Dacre championed the cause of an unemployed Indian man who left his home for a better life in Britain.

An editorial said: “This paper is satisfied that Mr X is an honest hard working man, who has spent six years of his life paying for his own education and obtaining one of the highest degrees in his field.

“If Mr X does not receive a job suited to his qualifications – and soon – Union News will submit a complaint to the Race Relations Board on his behalf.

“The worrying thing is, how many more cases are there like Mr X?”

In one investigation, Dacre interviewed Alex Whitton, a father of six who voluntarily gave up his job and now lived in a former police station doubling as a workhouse.

Dacre wrote: “In cold sociological terms Mr Whitton constitutes an ‘inadequate person’ . . . In reality Mr Whitton and his family are homeless.”

He allowed the unfortunate Whitton to tell his own tale of woe: “I was evicted from my last home – which was in my mother’s name – when the landlord discovered I had six kids.

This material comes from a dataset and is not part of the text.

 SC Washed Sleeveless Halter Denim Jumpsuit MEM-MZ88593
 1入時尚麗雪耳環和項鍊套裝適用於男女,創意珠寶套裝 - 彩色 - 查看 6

I had been evicted before and this was the end. I gave up. I left my job and now I’m here.

“I’ve got no heart for work. What have I got to come home to?”

In an editorial following him stepping down as students' union president, Dacre paid tribute to a young Jack Straw (the future Labour Home Secretary): "The time has come to offer our thanks to one of the best Presidents this Union has had for a long time. The enormous amount of work he has done, the countless committees he has headed, the energy he has contributed to the general running of the Union have all undoubtedly improved the welfare of the Leeds student."

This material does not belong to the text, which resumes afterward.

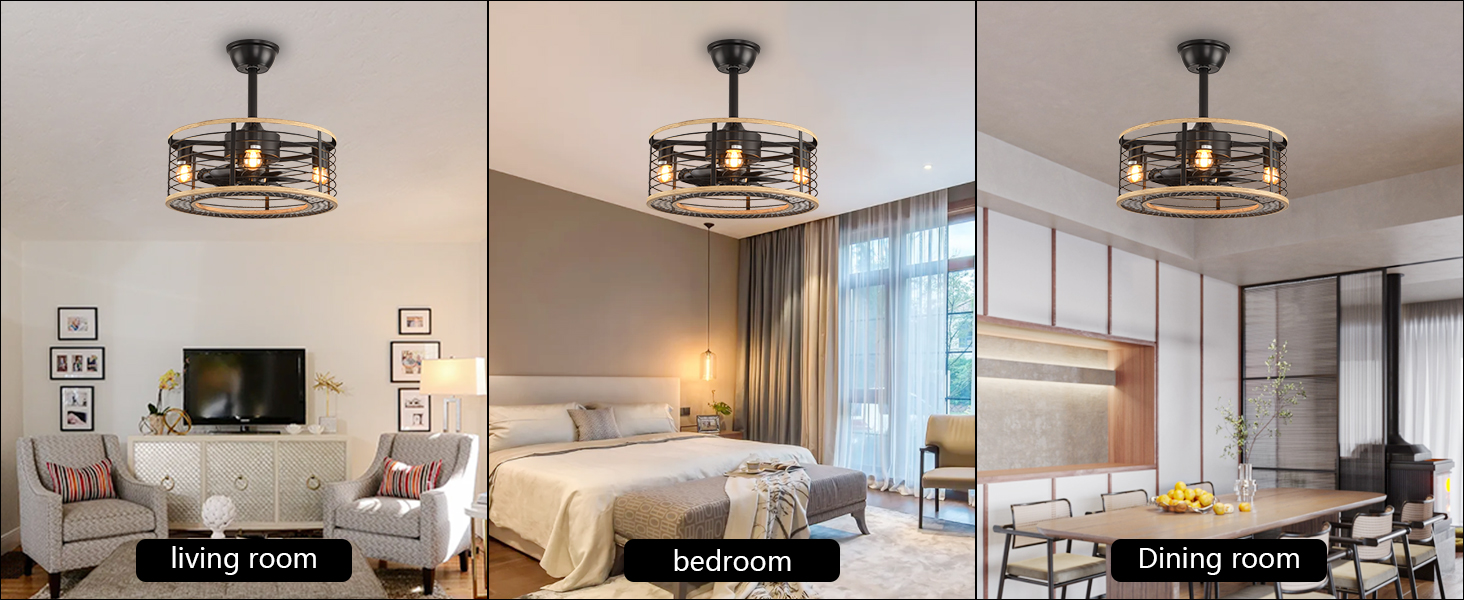 caged ceiling fan with light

And in a leader published in the week after Richard Nixon's election US president, Dacre's Union News railed against the excesses of the press and condemned the News of the World for its depiction of students.

It said: "We fear that once again they will mislead the public into thinking of students as hairy sex-mad degenerates. For our part we have tried to dispel this image."

Those hoping to find evidence that a young Dacre advocated the overthrow of capitalism will be disappointed by Axegrinder's quick scour through his student journalism past. But there is at least some evidence that he is no exception to the oft-quoted saying from Winston Churchill: "If you're not a liberal at twenty you have no heart, if you're not a conservative at forty you have no brain."